Em poucos dias, a pensão Vauquer se esvaziou completamente. Vautrin foi preso; Poiret e a senhorita Michonneau foram expulsos, depois de denunciar o fugitivo; Victorina e a mãe partiram para uma vida mais folgada; Rastignac foi morar no apartamento pago por Delfina; e Goriot faleceu.
No primeiro parágrafo de O Pai Goriot, Balzac escreve que “é tudo verdade”. De fato, anotações de Balzac fazem supor que ele ouviu alguma história de filhas que depois de ganhar de tudo, abandonaram o pai. Há outras narrativas no mesmo sentido, mas a referência natural é Rei Lear, sendo que Goriot não possuía uma Cordélia para consolá-lo. O crítico Bellessort, citado por Paulo Rónai, comentou que Goriot não inspira a mesma piedade que Lear, uma vez que não respeita o pai em si mesmo sendo cúmplice do adultério de Delfina.
Vautrin teve também um modelo real, um galeriano chamado Vidcoq que publicou suas memórias em 1828. Vautrin é um Mefistófoles cínico e pragmático, capaz de operar nas sombras e atuar como um deus corrigindo as desigualdades e realizando desejos. Ele lê Rastignac com perfeição, percebe que bastará pouco para que o estudante abandone os escrúpulos e apanhe com as duas mãos o que quer. Balzac insinua uma atração homossexual de Vautrin por Rastignac, algo extremamente sutil e velado, mas que muito humaniza essa notável figura.
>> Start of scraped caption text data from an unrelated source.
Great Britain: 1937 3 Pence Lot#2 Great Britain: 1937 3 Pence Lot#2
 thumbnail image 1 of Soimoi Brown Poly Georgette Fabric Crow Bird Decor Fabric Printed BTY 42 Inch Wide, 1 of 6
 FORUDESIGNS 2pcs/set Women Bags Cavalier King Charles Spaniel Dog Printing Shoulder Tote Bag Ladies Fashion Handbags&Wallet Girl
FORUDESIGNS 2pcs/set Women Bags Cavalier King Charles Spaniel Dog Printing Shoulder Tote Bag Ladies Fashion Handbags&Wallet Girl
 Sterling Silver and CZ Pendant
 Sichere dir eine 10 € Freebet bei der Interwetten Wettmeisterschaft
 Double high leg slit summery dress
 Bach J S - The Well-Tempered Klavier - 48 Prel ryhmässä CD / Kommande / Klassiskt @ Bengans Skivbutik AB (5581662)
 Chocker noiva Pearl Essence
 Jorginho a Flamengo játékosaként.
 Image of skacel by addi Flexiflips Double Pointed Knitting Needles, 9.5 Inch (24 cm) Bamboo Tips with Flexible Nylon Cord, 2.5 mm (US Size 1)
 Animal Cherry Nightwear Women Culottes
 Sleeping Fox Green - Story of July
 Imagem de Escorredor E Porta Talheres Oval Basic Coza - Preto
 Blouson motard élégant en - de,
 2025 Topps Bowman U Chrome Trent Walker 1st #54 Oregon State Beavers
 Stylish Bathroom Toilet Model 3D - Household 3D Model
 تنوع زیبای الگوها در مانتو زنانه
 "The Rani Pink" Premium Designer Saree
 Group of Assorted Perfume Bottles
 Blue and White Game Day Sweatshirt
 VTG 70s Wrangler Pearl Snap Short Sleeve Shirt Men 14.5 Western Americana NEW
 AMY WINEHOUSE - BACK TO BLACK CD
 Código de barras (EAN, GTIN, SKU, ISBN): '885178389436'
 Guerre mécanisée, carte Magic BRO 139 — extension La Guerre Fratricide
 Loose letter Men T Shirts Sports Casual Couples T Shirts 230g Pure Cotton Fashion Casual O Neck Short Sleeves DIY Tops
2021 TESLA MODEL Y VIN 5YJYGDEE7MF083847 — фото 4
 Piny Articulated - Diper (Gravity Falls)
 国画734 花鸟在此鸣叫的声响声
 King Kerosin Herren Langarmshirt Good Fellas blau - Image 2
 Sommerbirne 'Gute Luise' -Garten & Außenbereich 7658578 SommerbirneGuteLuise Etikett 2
Por fim, o puro Eugênio que se angustia em ter que sujar de lama seu único par de botas. O Pai Goriot é o romance de formação de Eugênio de Rastignac. Ele chegou a Paris decidido a estudar e vencer na vida. Mas percebeu que os vencedores não frequentam a cátedra, mas os salões elegantes. Para tanto precisa de uma amante rica e bem relacionada. Ao mesmo tempo, observa os destinos de Goriot, de Victorina, da senhora de Beauséant. “Em Rastignac há muitos traços de Balzac, de muito daquilo que Balzac desejava ser. As lutas de Rastignac com a pobreza e suas transigências com a consciência constituem um quadro da mocidade do próprio escritor. Não fosse sua identificação com Rastignac, e não poderíamos compreender essa insistência - quase irritante - com que pretende dá-lo como puro, quando o sabemos mantido pela amante e cúmplice taciturno de um assassínio”. O dilema de Eugênio é escolher um lado. Quando, após o enterro de Goriot, Rastignac contempla Paris do alto da colina do Père-Lachaise e diz a sua frase: “A nous deux maintenant!”, sabemos o que ele escolheu.